Start of Records for this exercise

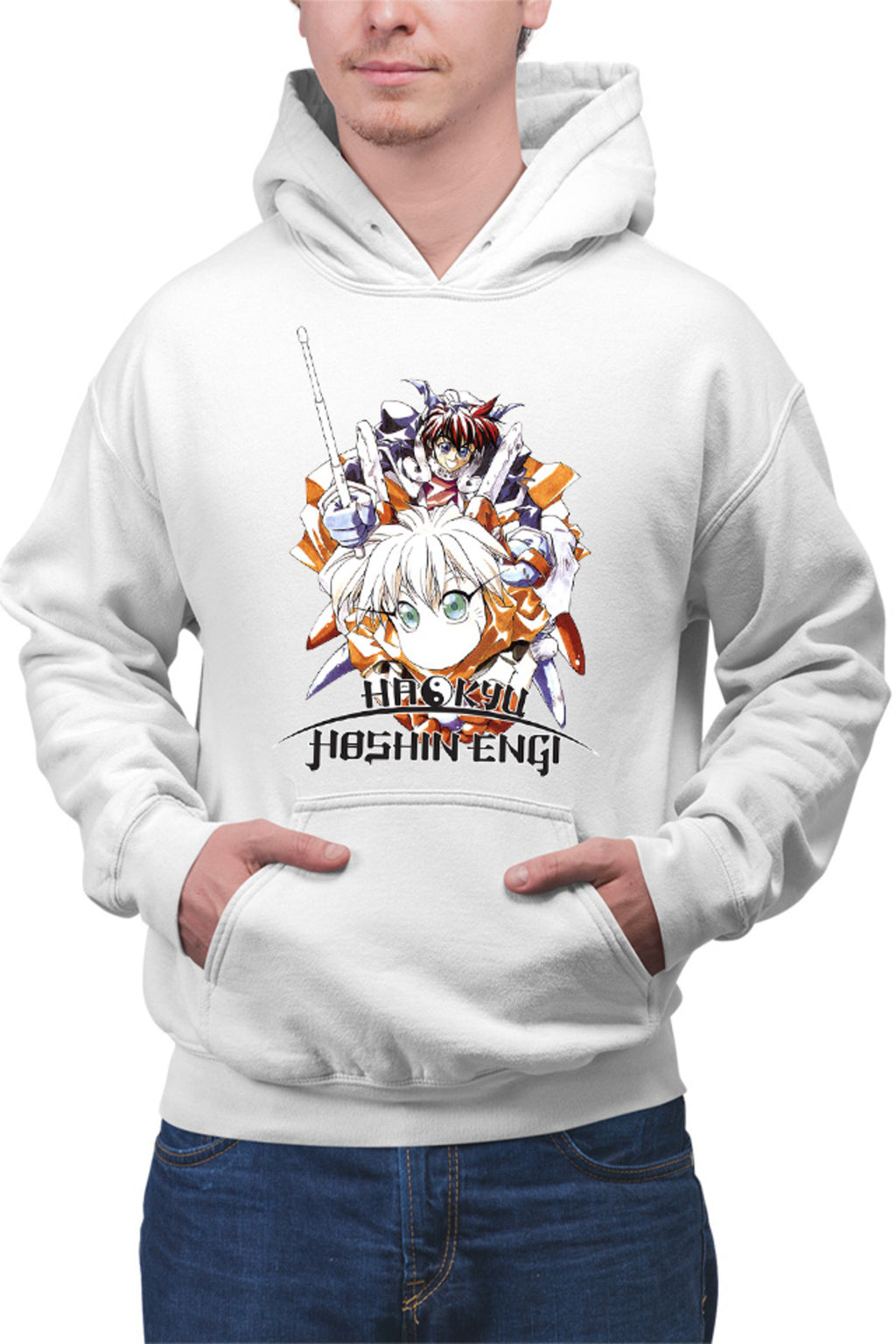 Hanorac barbati Hoshin Engi Taikoubou Sibuxiang Supranatural Animekege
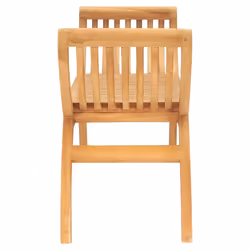 VidaXL 316150 banc de jardin Bois - Vue supplémentaire 4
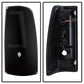 xTune Chevy Silverado 1500/2500/3500 99-02 Version 3 Tail Lights Black Smoke ALT-ON-CS99V3-LBLED-BSM
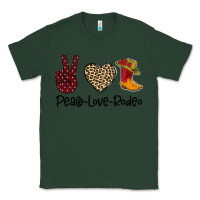 Sports Green Peace Love Rodeo Classic Tee - Bettercallsaul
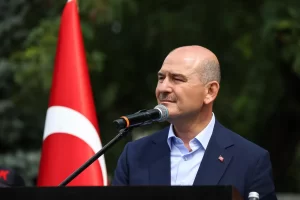 Son Dakika | İçişleri Bakanı Soylu, İstanbul’da çevik kuvvet polisleriyle bayramlaştı Açıklaması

End of Records for this exercise

What must be output is the exact run of lines from the one holding "xTune Chevy Silverado" through the end of the entries above, both ends included, minus the pictures.

 xTune Chevy Silverado 1500/2500/3500 99-02 Version 3 Tail Lights Black Smoke ALT-ON-CS99V3-LBLED-BSM
 Sports Green Peace Love Rodeo Classic Tee - Bettercallsaul
 Son Dakika | İçişleri Bakanı Soylu, İstanbul’da çevik kuvvet polisleriyle bayramlaştı Açıklaması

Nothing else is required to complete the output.